Con la crisis es aún peor. Algunas cadenas se han lanzado a cargar su parrilla de publi ofreciendo precios más bajos, sin percatarse de que el empacho de mensajes es tan malo para sus audiencias como letal para los anunciantes. Medios y publicidad navegan en el mismo barco, aunque por distintos motivos: para los que trabajamos en publicidad un medio es un soporte, mientras que para los periodistas es su razón de ser. Si rompemos este equilibrio puede que el medio llegue a su fin.

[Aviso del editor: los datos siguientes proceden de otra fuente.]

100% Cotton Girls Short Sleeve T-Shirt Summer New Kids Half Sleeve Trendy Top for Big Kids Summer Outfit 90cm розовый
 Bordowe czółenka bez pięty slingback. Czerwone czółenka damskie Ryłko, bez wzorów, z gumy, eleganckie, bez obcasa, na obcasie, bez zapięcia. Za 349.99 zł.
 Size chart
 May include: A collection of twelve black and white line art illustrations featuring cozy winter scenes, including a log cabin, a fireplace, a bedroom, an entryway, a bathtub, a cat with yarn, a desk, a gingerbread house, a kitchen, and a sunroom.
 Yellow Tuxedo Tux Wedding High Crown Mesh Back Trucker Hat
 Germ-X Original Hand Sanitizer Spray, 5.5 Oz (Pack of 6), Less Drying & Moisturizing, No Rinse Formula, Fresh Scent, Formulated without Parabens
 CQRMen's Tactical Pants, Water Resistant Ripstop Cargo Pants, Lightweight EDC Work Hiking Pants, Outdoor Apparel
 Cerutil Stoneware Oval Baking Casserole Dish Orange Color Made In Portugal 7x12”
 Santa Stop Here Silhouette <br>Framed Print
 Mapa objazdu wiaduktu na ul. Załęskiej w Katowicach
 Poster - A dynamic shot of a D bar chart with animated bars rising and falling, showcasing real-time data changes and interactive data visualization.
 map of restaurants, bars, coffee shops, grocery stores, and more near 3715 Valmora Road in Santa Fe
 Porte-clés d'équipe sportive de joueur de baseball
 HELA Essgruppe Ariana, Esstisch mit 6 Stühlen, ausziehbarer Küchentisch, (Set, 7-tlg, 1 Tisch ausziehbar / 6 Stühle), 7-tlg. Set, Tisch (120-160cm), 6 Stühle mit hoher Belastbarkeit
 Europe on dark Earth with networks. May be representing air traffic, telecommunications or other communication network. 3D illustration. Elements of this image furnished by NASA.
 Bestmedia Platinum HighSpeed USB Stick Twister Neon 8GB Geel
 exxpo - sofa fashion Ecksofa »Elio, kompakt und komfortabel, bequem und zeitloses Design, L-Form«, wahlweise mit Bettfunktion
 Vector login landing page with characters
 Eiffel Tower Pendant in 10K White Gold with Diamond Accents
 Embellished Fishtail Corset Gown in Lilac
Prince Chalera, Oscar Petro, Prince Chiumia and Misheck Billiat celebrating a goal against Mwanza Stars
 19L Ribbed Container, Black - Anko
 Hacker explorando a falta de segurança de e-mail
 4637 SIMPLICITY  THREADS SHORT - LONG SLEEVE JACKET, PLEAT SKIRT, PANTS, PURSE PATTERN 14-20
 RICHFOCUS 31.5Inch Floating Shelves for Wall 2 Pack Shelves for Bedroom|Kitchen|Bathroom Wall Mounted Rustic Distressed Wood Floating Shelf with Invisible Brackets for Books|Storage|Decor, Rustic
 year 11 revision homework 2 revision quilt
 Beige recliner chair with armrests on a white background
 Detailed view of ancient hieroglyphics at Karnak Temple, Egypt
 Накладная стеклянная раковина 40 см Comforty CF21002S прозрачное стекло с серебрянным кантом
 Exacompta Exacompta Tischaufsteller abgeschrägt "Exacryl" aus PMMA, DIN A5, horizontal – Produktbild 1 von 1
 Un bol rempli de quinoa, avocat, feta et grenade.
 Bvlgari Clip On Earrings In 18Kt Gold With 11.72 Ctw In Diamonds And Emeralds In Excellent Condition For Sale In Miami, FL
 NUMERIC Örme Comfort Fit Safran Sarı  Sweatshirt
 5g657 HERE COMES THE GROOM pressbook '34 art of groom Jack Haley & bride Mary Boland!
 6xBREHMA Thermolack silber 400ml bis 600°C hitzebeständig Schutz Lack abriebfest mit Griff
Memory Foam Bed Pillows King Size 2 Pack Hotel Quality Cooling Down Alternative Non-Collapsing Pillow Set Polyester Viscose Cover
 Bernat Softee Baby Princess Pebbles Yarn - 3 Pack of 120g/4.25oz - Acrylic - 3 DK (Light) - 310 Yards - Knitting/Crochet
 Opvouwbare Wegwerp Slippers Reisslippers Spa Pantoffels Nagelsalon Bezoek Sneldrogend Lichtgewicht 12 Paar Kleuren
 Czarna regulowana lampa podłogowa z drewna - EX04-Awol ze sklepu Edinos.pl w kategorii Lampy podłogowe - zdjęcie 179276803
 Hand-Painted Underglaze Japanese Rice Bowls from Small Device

Los mensajes de teletienda son un peligro para los canales generalistas, al saturar a los espectadores y traicionar el alma informativa del medio. La desesperación de Intereconomía (que se muere por facha y pésima gestión) le ha llevado este verano a emitir más de doce horas diarias de telecompra, convenciéndonos de lo odioso que llega a ser un buen producto mal anunciado, como una manguera de riego ultraflexible, un dispositivo para sordos no tan sordos, un cortador de frutas y verduras o una colección de canciones de amor. Añadir a su lenguaje alambicado la proliferación de su presencia solo puede entenderse como sutil ejercicio de tortura.
Liberaría a España del calvario de la saturación publicitaria derogando la Ley General Audiovisual, una de las más crueles secuelas de Zapatero y causante de este desmán. Y a Bárcenas y la Cospedal les pondría como penitencia por sus bajezas la obligación de ver ocho horas diarias de teletienda. Que sufran.